** Opening Exercise inputs block **
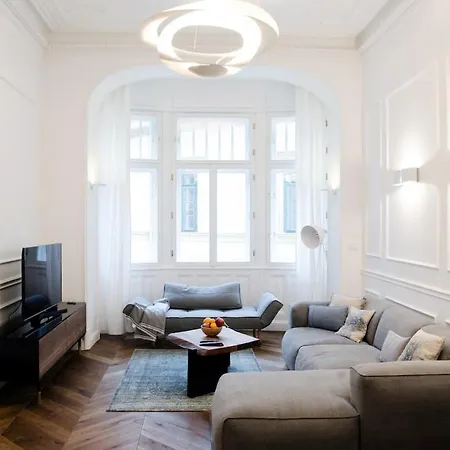 דירה Luxury By Hi5 - Location 3-br *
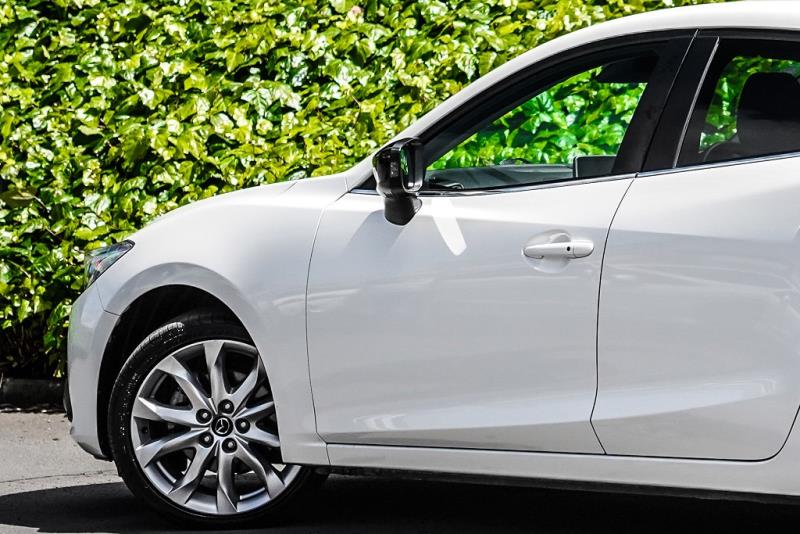 2014 Mazda Axela 20S / 3 LTD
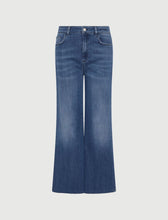 Load image into Gallery viewer, Marella Wide-Leg Crop Jeans in Blue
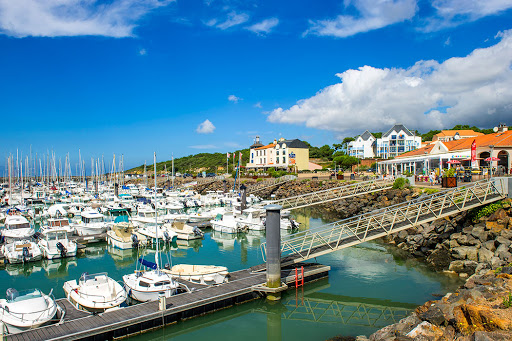 Vacances au camping Loyada 4* et profitez de son bel espace aquatique et de sa situation idéale pour un séjour inoubliable en Vendée.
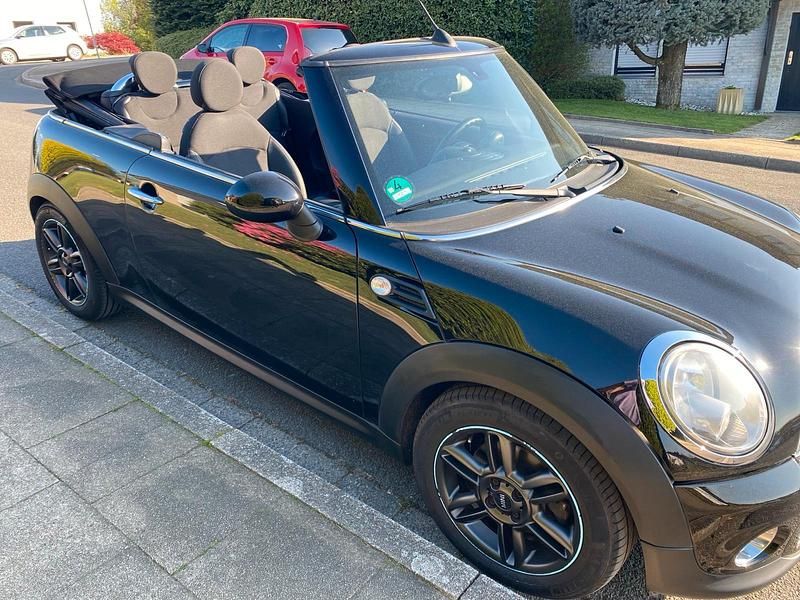 Occasion Mini One Cabriolet 98 ch (72 kW) 2010 Noir Cabriolet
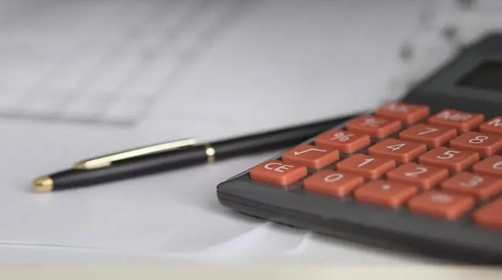 新加坡公司會(huì)計(jì)如何應(yīng)對(duì)法規(guī)和合規(guī)要求？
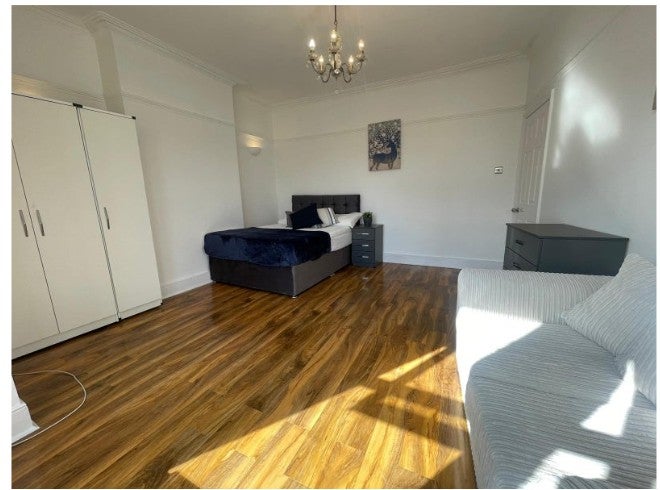 Room George Lane in Greater London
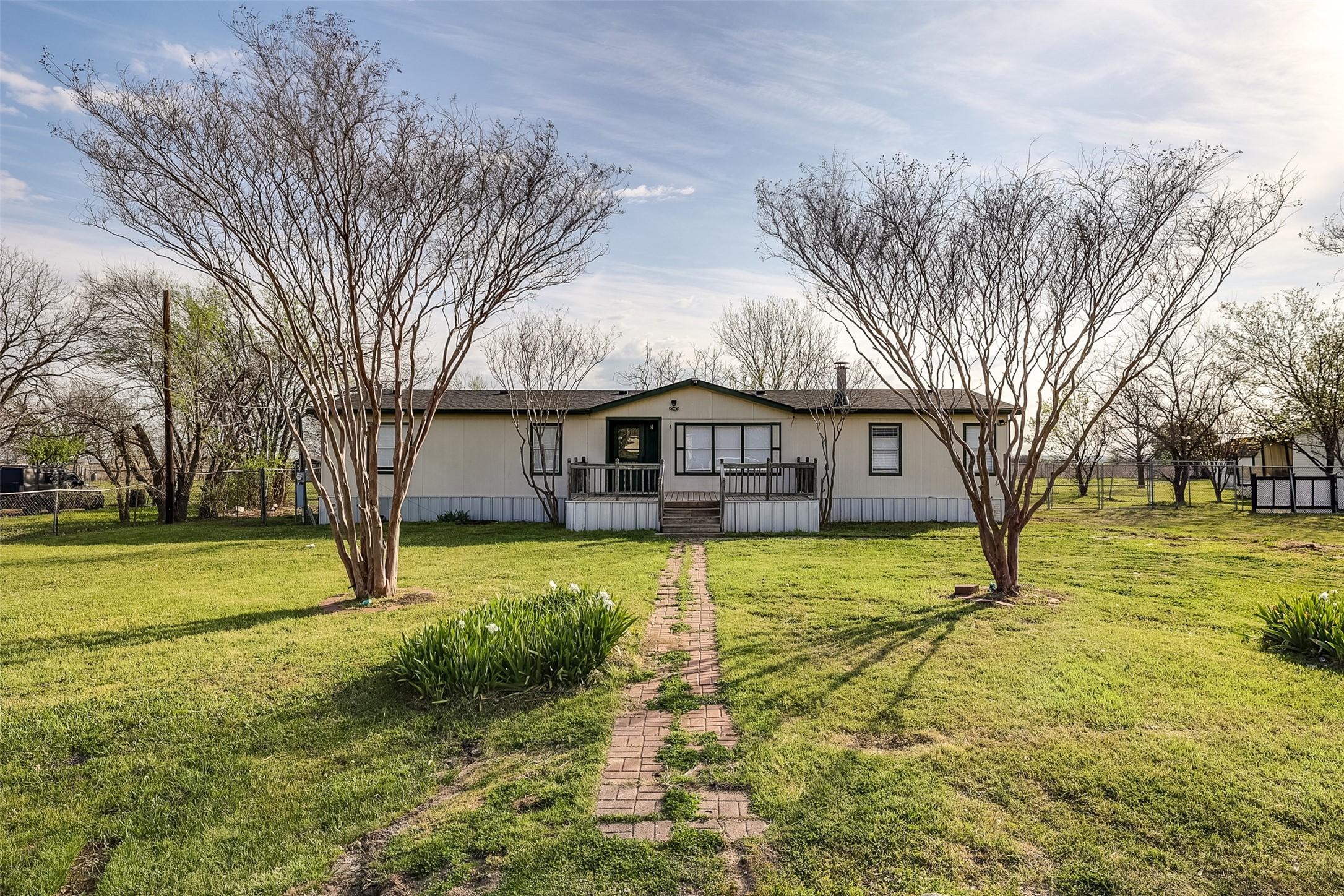 Woolard Dr, Alvarado, TX 76009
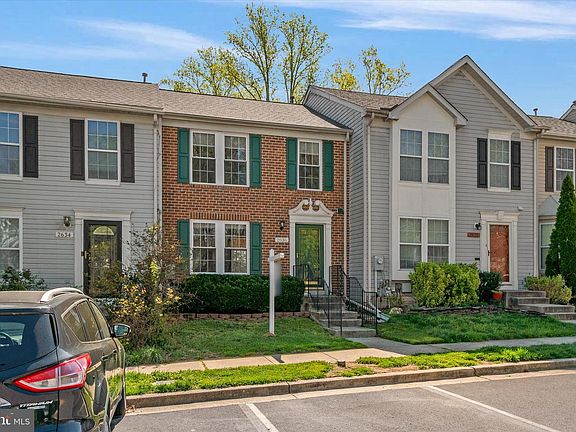 3rd image of 2636 Summer Breeze Ct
** Closing Exercise inputs block **
* What you are asked to do
Output every entry above exactly as written, but omit the pictures.

* Result of this task
 דירה Luxury By Hi5 - Location 3-br *
 2014 Mazda Axela 20S / 3 LTD
 Load image into Gallery viewer, Marella Wide-Leg Crop Jeans in Blue
 Vacances au camping Loyada 4* et profitez de son bel espace aquatique et de sa situation idéale pour un séjour inoubliable en Vendée.
 Occasion Mini One Cabriolet 98 ch (72 kW) 2010 Noir Cabriolet
 新加坡公司會(huì)計(jì)如何應(yīng)對(duì)法規(guī)和合規(guī)要求？
 Room George Lane in Greater London
 Woolard Dr, Alvarado, TX 76009
 3rd image of 2636 Summer Breeze Ct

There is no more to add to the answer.